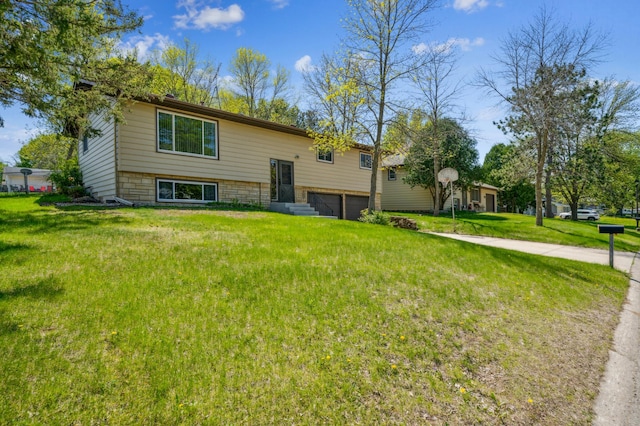 back of property featuring an attached garage and a yard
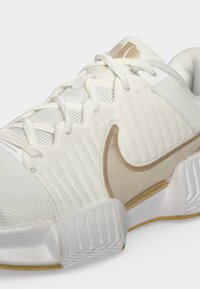 Λευκό και μπεζ αθλητικό παπούτσι Nike με υφασμένο επάνω μέρος, κλείσιμο με κορδόνια και χοντρή καουτσούκ σόλα με διάφορα σχέδια.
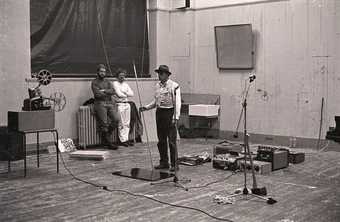 Fig.9 Beuys performing Celtic (Kinloch Rannoch) Scottish Symphony, with Christiansen behind (right), for the exhibition Strategy: Get Arts at the Edinburgh College of Art, 23–30 August 1970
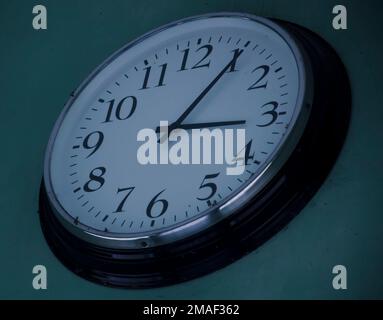 Round black and white analogue clock on the wall, 3.05 Stock Photo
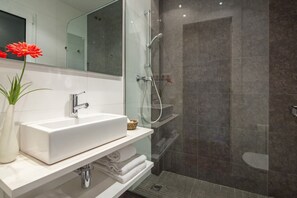 Ein modernes Badezimmer mit einem weißen Waschbecken, einer Duschkabine aus Glas und einem Spiegel über dem Waschbecken.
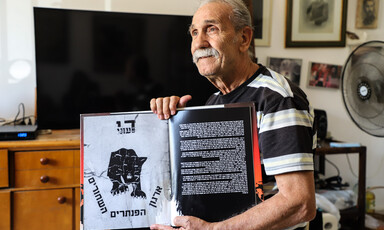 Man sits while holding a book open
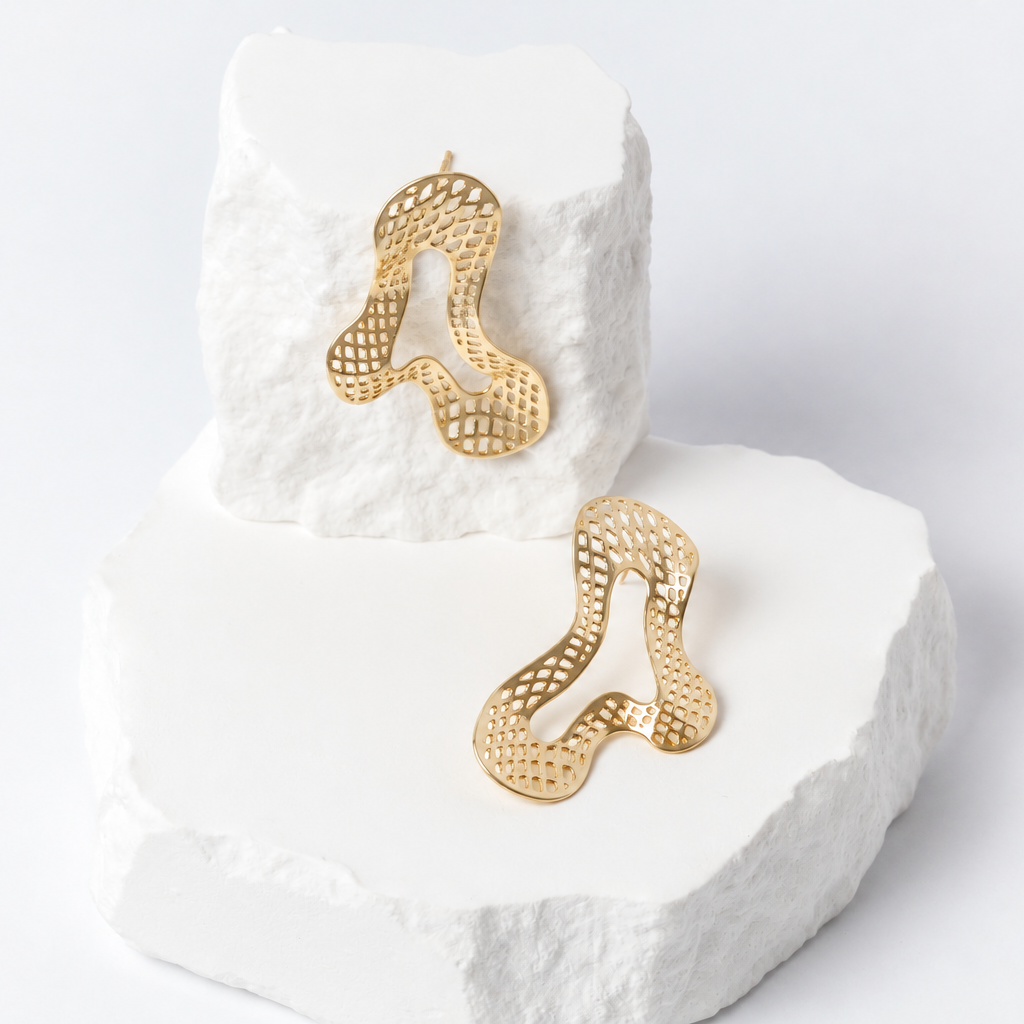 Free Spirit gold-tone earrings with sculptural curved shapes and intricate open-mesh detailing, displayed at different angles to reveal their airy, dimensional design.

AIM OF THE EXERCISE
Only the lines above from the one with "Fig.9 Beuys performing" to the one with "Round black and" should be printed, both included and exactly as written; no picture belongs in the copy.

WRITTEN RESPONSE
 Fig.9 Beuys performing Celtic (Kinloch Rannoch) Scottish Symphony, with Christiansen behind (right), for the exhibition Strategy: Get Arts at the Edinburgh College of Art, 23–30 August 1970
 Round black and white analogue clock on the wall, 3.05 Stock Photo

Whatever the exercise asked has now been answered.